Facing Oscar Charleston
In a summer of constant rainy Sundays at the Doherty Oval in 1927, the Silk Sox needed a big gate. They hoped they would get it by playing the Harrisburg Giants – led by, as newspapers called him, “the colored Babe Ruth,” the supremely talented Oscar Charleston.
In 1953, the Silk Sox’s Bennie Borgmann, then a major league scout, said, “… the greatest ball player I’ve ever seen was Oscar Charleston. When I say this, I’m not overlooking Ruth, Cobb, Gehrig, and all of them.”
At 5’9”, 185 lbs., Oscar McKinley Charleston was a non-drinking, no-nonsense individual and a true leader – one who never backed down from a fight. A defensive whiz in centerfield, Charleston played shallow as his speed allowed him to go back and catch balls hit over his head. Negro League icon and Hall of Famer Buck O’Neil told the Philadelphia Daily News in 1996: “(Charleston) was simply the best ballplayer I ever saw. The closest thing to Oscar Charleston, later on, was Willie Mays.”
Pitcher Satchel Paige went further, calling Charleston the best outfielder ever and said there was “no comparison” between him and Mays. “He played back of second base,” Paige told the New York Daily News in 1971, “and you couldn’t hit one over his head. I know it sounds drunk, but he could outrun the ball. He could.”
Appearing at the Doherty Oval at age 30, Charleston was in his prime.
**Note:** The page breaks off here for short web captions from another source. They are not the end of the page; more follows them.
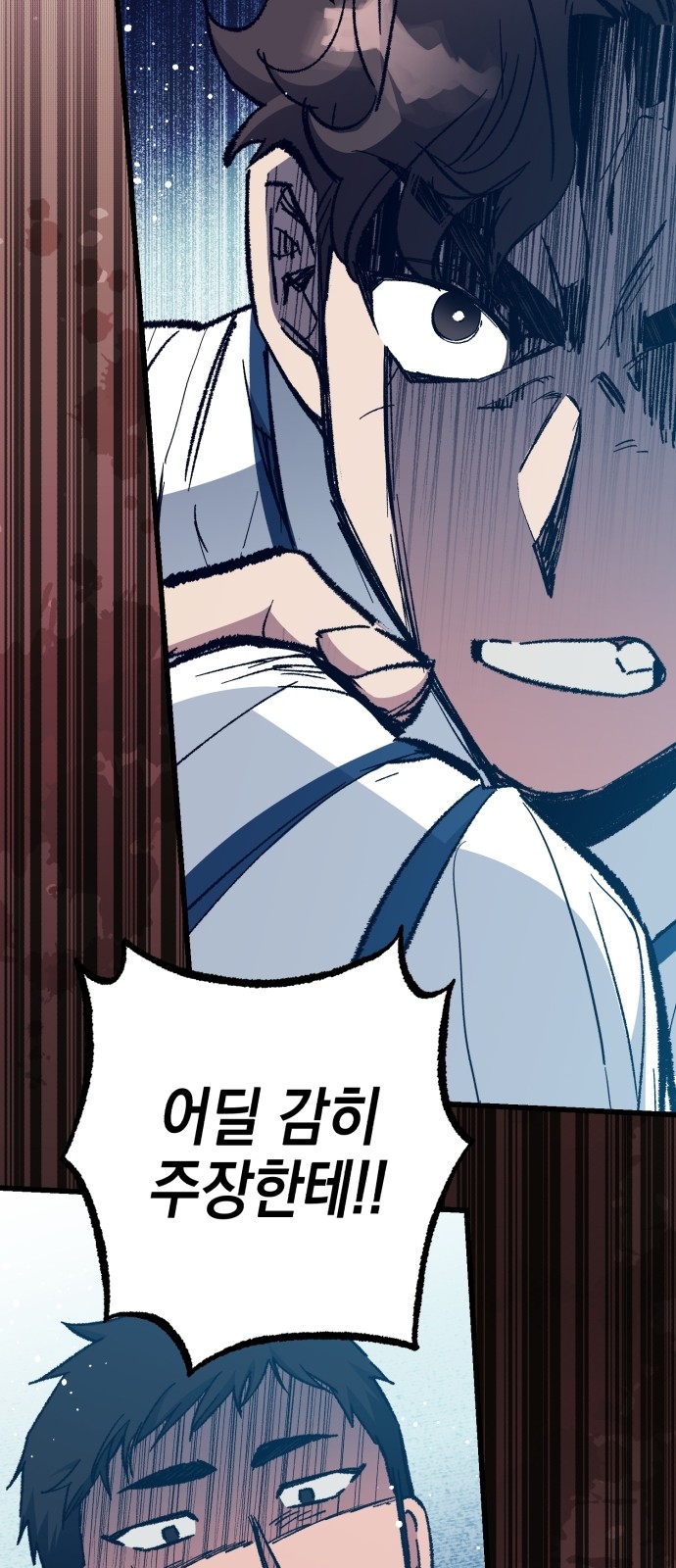 53 페이지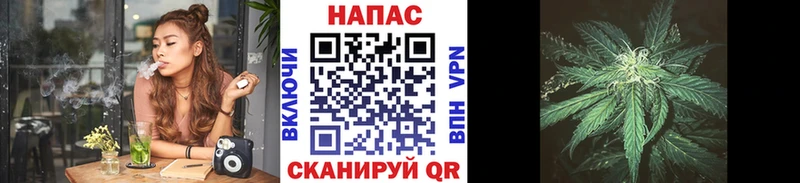 Марихуана MAZAR  купить наркотик  Козьмодемьянск 
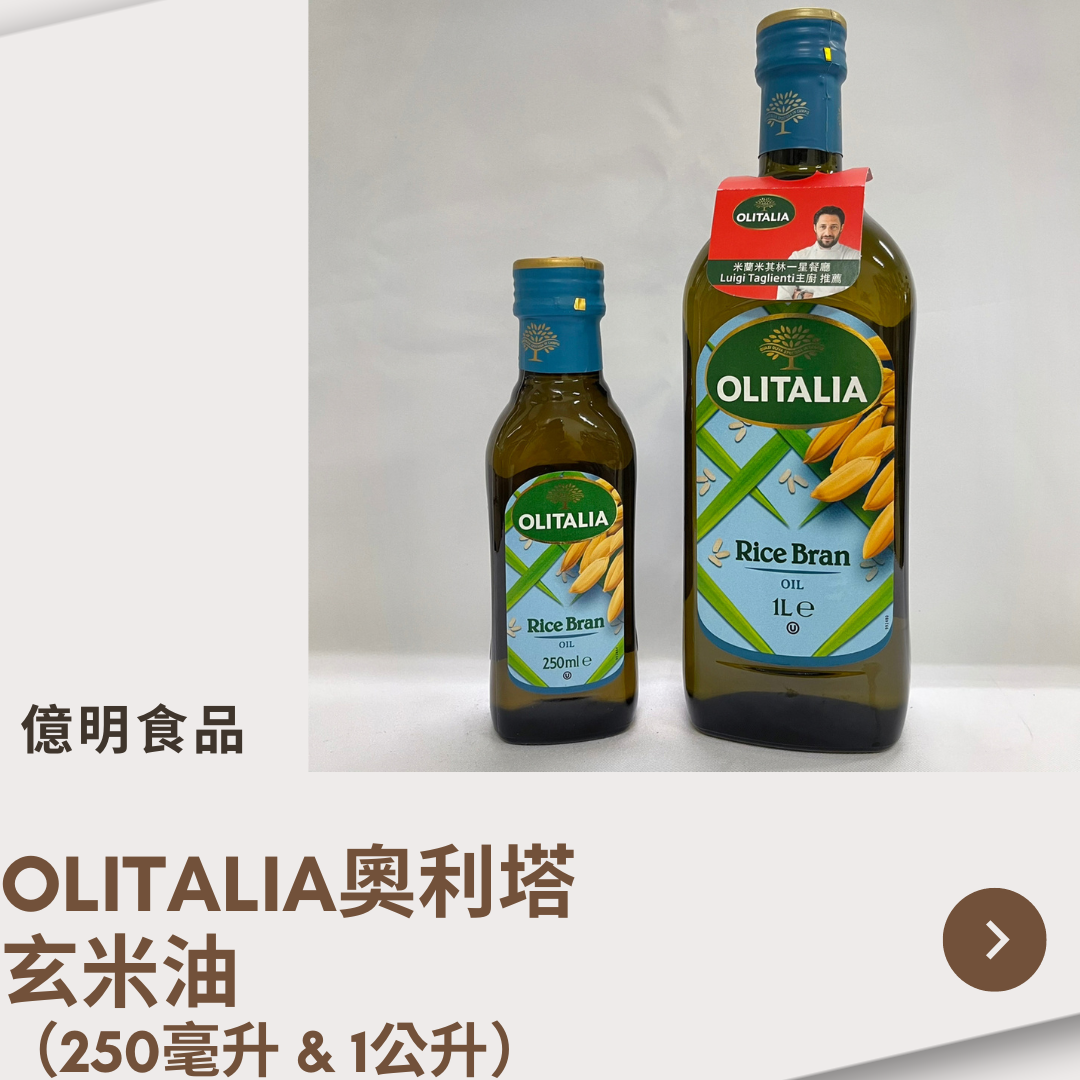 【億明食品】OLITALIA奧利塔-玄米油（250ml＆1L）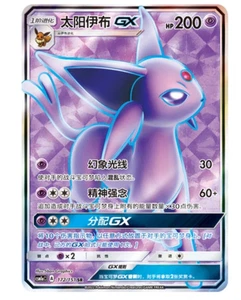 Pokemon TCG S-Chinese Sun&Moon Espeon GX CSM1aC 172/151 SR Ultra Full Art NM - Picture 1 of 4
His teammates included Walter Cannady, Fats Jenkins, Rap Dixon, Heavy Johnson and John Beckwith – making Harrisburg one of the best offensive squads the Silk Sox ever faced. “The Greatest Negro Team in U.S.,” the Passaic Daily News wrote. “Charleston hit 62 homers in 195 games last year.”
The Paterson Evening News added: “(Charleston) has more home runs to his credit than Babe Ruth and Lou Gehrig, and that is saying something for the Yankee twins certainly are the best white home run sluggers in the business and any man who is going to be better than them certainly must be able to smack the old apple.”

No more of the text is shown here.